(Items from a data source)
>>>
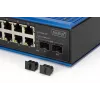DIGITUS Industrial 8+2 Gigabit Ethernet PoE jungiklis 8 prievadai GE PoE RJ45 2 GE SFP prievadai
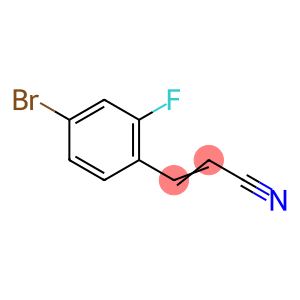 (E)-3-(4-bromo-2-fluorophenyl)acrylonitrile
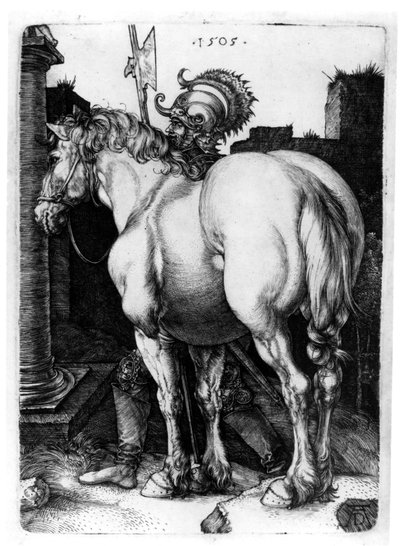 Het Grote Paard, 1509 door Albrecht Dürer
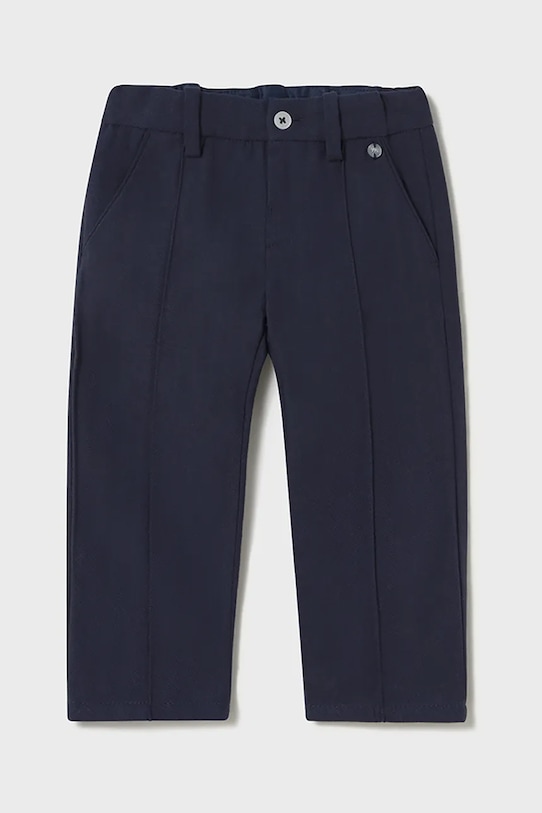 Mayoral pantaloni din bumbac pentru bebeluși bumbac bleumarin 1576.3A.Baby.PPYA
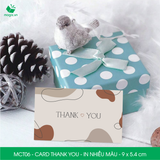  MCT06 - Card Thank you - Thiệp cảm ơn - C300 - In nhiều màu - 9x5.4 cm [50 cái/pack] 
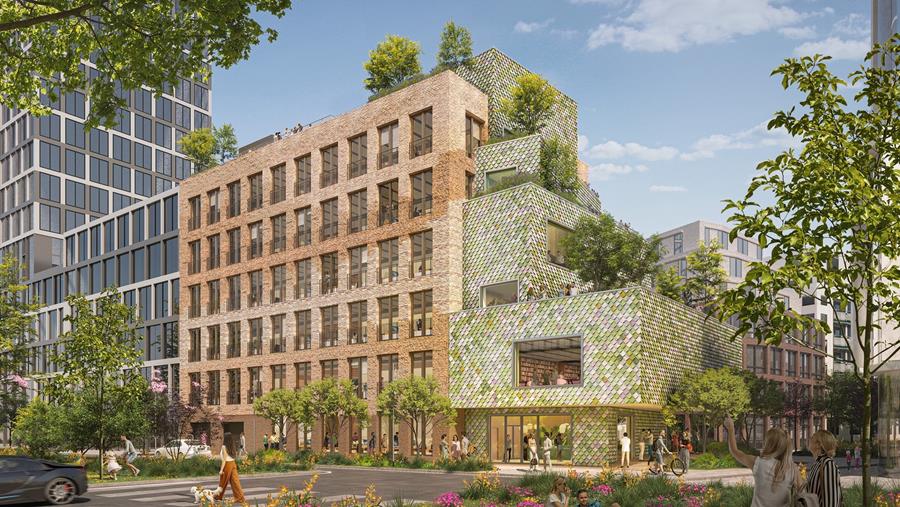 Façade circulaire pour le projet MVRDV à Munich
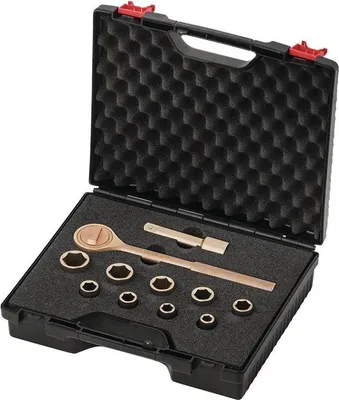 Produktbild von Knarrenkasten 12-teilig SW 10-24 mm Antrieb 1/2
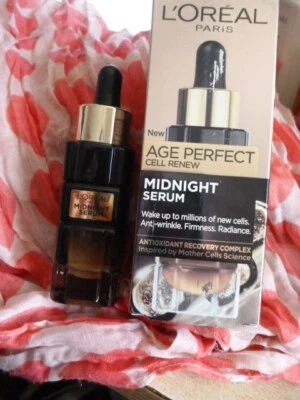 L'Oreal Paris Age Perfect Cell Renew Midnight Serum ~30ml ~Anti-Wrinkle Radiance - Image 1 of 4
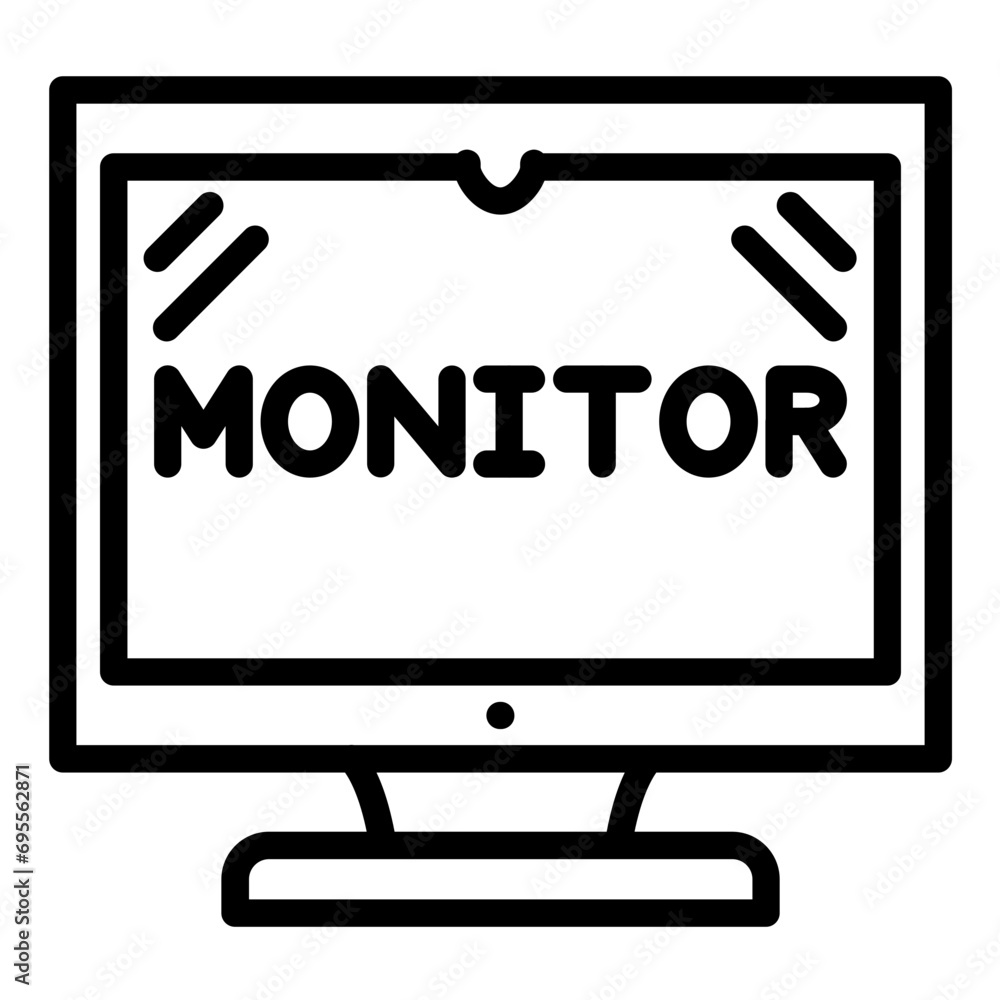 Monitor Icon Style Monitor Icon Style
<<<
>>>
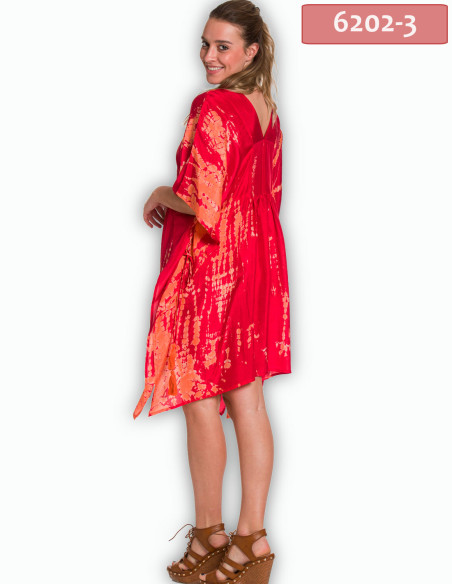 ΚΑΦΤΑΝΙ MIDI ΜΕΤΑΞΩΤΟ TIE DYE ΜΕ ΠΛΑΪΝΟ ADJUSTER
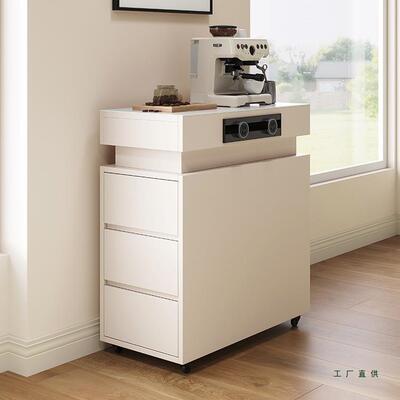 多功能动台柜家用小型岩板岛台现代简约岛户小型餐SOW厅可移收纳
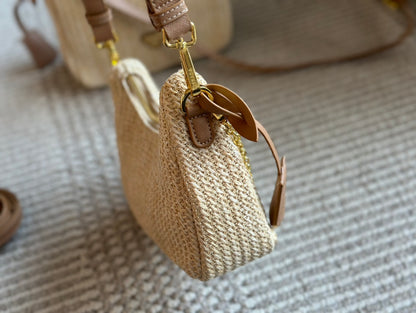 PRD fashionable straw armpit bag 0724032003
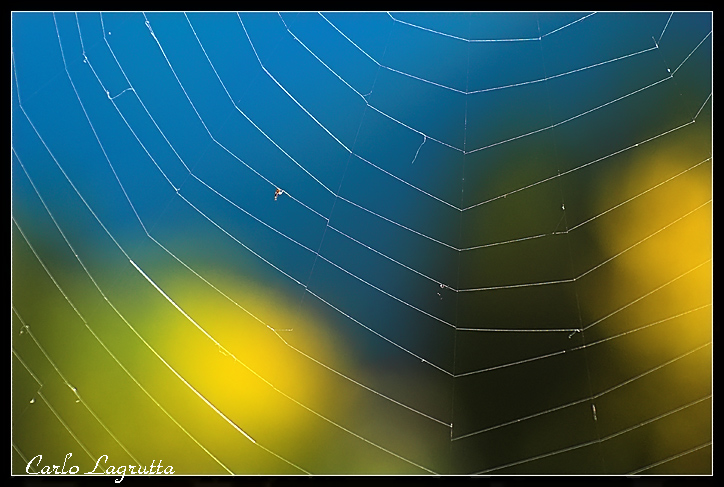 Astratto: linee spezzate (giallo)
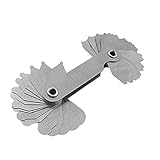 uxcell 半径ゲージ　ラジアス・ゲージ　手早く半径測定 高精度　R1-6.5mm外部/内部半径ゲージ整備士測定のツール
<<<
Task prompt:
Give back the exact lines above, running from the one that has "L'Oreal Paris Age" through the one that has "Monitor Icon Style Monitor Icon Style", with nothing added and no pictures.

Answer section:
 L'Oreal Paris Age Perfect Cell Renew Midnight Serum ~30ml ~Anti-Wrinkle Radiance - Image 1 of 4
 Monitor Icon Style Monitor Icon Style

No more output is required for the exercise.